Le Saint-Siège proteste après la condamnation du cardinal Ouellet

La secrétairerie d’État a transmis à l’ambassade de France près le Saint-Siège une note verbale protestant contre la condamnation du cardinal Ouellet par la justice française dans l’affaire des religieuses de Pontcallec, indique le directeur du Bureau de presse du Saint-Siège, Matteo Bruni, dans un communiqué diffusé le 13 avril 2024. La note dénonce notamment une «grave violation des droits fondamentaux à la liberté religieuse et à la liberté d’association des fidèles catholiques».

Le 3 avril dernier, le tribunal judiciaire de Lorient avait condamné en première instance le cardinal Marc Ouellet, préfet émérite du dicastère pour les Évêques, à payer plus de 100’000 euros de dommages et intérêts à une religieuse française. Mère Marie Ferréol, ancienne membre des dominicaines du Saint-Esprit de Pontcallec (en Bretagne), avait porté plainte après avoir été renvoyée de sa congrégation le 21 octobre 2020, au terme d’une enquête canonique ayant révélé de graves difficultés relationnelles avec ses consÅ“urs. 

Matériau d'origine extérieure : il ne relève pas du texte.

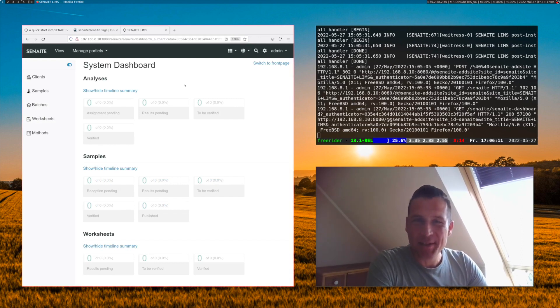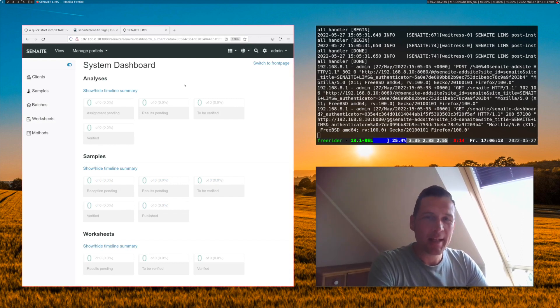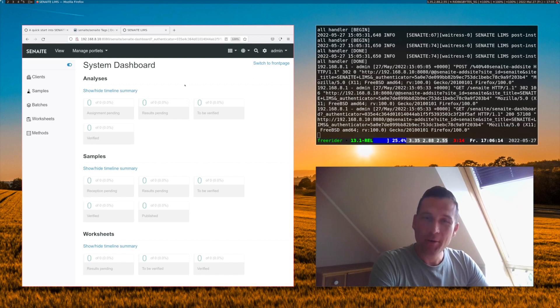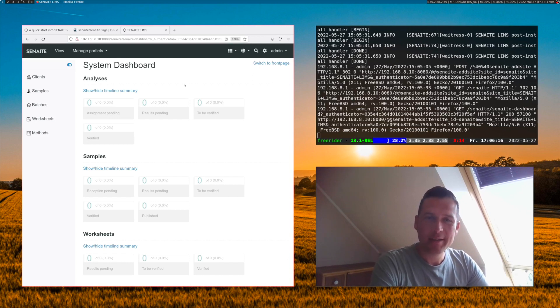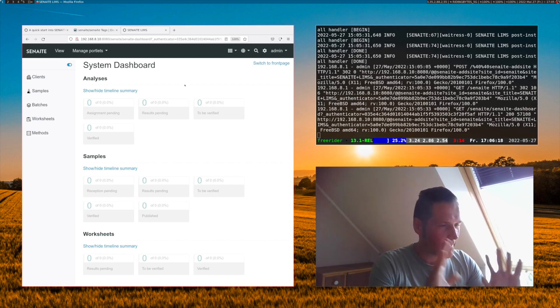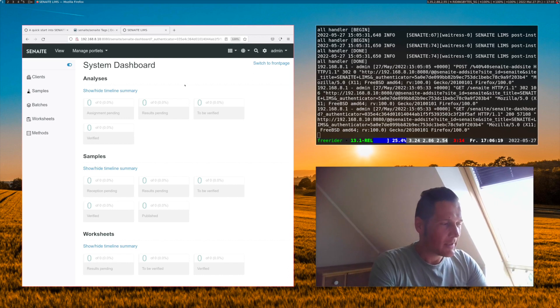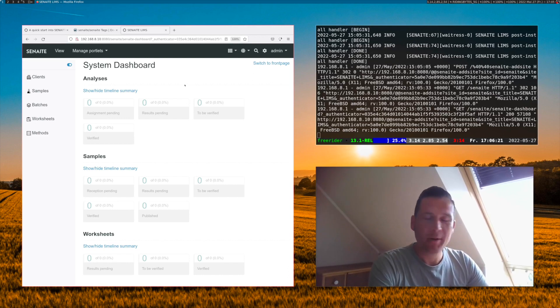So congratulations, you successfully installed Senn8 on your local computer inside a container without all of the issues of installing Senn8 manually.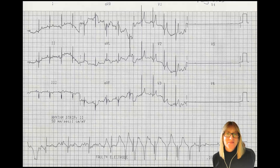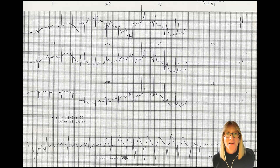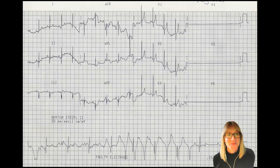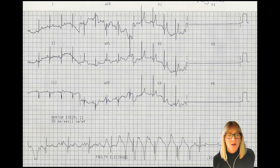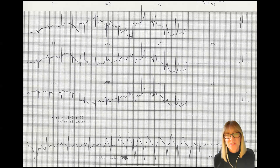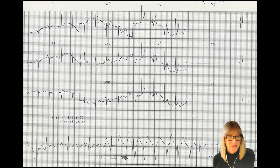Hi everyone. Today on QRS TV, we're going to look at this ECG tracing from a dog. This is definitely one from the archives — I don't even recall the signalment beyond species, so I know it's a dog. We have a nine-lead ECG. The top three lines displaying those nine leads are inscribed at 25 millimeters per second, and the bottom line is a lead two rhythm strip at 50 millimeters per second, which is why it's more spread out relative to the top three lines.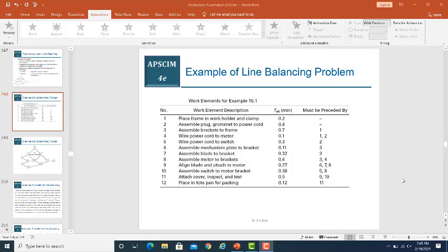Bismillahirrahmanirrahim, welcome to another video. In this video we will discuss a solved example with reference to line balancing algorithm. Line balancing problems are available in chapter number 15 of NP Gruber book, so you can practice on them. This is solved example 15.1, which we are going to discuss.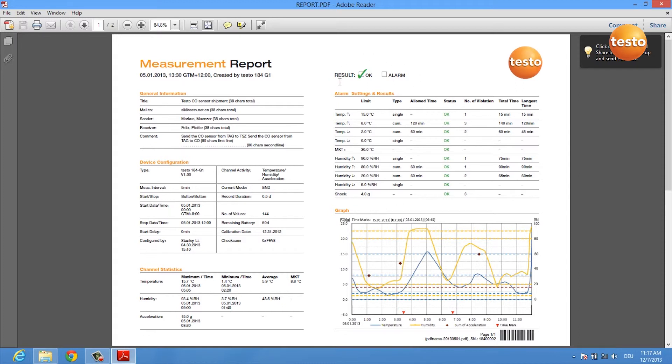You're informed if there has been an alarm, which is very important. If you want to see single alarm limits, you get statistics here.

La note, diffusée en italien et en français par le directeur du Bureau de presse du Saint-Siège Matteo Bruni, en réponse à des journalistes, liste les points de contentieux soulevés par la note de la secrétairerie d’État, à commencer par l’absence de communication formelle de la part de la justice française. «Le Saint-Siège a eu connaissance seulement par la presse de la décision supposée du Tribunal de Lorient, en France, sur un contentieux civil concernant le renvoi d’un Institut religieux de madame Sabine de la Valette (ex-sœur Marie Ferréol)», est-il indiqué. La déclaration précise que le cardinal Ouellet «n’a jamais reçu aucun acte de citation du Tribunal de Lorient».

Matteo Bruni indique que la visite apostolique du cardinal Ouellet au sein de la Communauté des Dominicaines du Saint Esprit s’est faite «conformément à un mandat pontifical». «À l’issue de cette visite, a été adoptée une série de mesures canoniques à l’endroit de Madame Sabine de la Valette, parmi lesquelles figure son renvoi de cet Institut religieux», ajoute-t-il.

L’institut des dominicaines du Saint-Esprit a son siège à Pontcallec, dans le Morbihan | DR

«Une éventuelle décision du Tribunal de Lorient pourrait soulever non seulement des questions importantes concernant l’immunité, et dans le cas où elle porterait sur la discipline interne et sur l’appartenance à un Institut religieux, elle pourrait avoir donné lieu à une grave violation des droits fondamentaux à la liberté religieuse et à la liberté d’association des fidèles catholiques», indique enfin la note.

Cette décision de justice constitue donc, selon Rome, une atteinte aux principes régissant les relations entre l’Église et l’État selon la jurisprudence associée au modèle français de laïcité. Du point de vue de la diplomatie pontificale, l’intervention de la justice civile au sujet d’une décision canonique soulève un conflit de juridictions et revêt donc un caractère de violation de la liberté religieuse. Il est rarissime que le Saint-Siège rende publique une telle note diplomatique, et la diffusion de cette information par ses services de communication traduit le caractère exceptionnel de cette affaire.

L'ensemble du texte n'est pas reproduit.